Speaker
Description
ATLAS is expected to receive 10 times the integrated luminosity from the High-Luminosity Large Hadron Collider (HL-LHC) than the previous three LHC runs combined, with approximately 200 interactions per bunch crossing, leading to significant pileup. The ATLAS Trigger and Data Acquisition system is undergoing significant upgrades to manage this pileup increase. As a part of these upgrades, the planned Global Trigger system will implement offline-inspired algorithms on full-granularity calorimeter information distributed by a series of time multiplexers (MUX) at 40 MHz.
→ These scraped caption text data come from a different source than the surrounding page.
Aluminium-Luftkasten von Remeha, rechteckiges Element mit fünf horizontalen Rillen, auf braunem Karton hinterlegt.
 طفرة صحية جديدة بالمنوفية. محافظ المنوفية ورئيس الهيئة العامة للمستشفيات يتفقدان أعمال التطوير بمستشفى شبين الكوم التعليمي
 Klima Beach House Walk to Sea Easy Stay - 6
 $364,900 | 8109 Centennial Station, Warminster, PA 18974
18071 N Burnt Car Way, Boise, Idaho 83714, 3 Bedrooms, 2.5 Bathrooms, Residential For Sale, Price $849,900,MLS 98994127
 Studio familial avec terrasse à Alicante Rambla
GEP and MUX nodes are housed on Field Programmable Gate Arrays (FPGA). The Global Trigger design will be realized through a common hardware module, the Global Common Module (GCM). Each GCM will contain two FPGAs, one for a MUX and a GEP, with roughly 60 GCMs planned in total. Time multiplexing and inter-GCM communication are challenging to synchronize at this scale, and require a tiered approach to testing. Integration and production tests on GCMs are being conducted at Brookhaven National Lab, and testing will continue on a “slice” of 5 GCMs next year. This presentation will focus on the current software package for these tasks, the general status of the GCM testing, as well as progress on MUX firmware testing.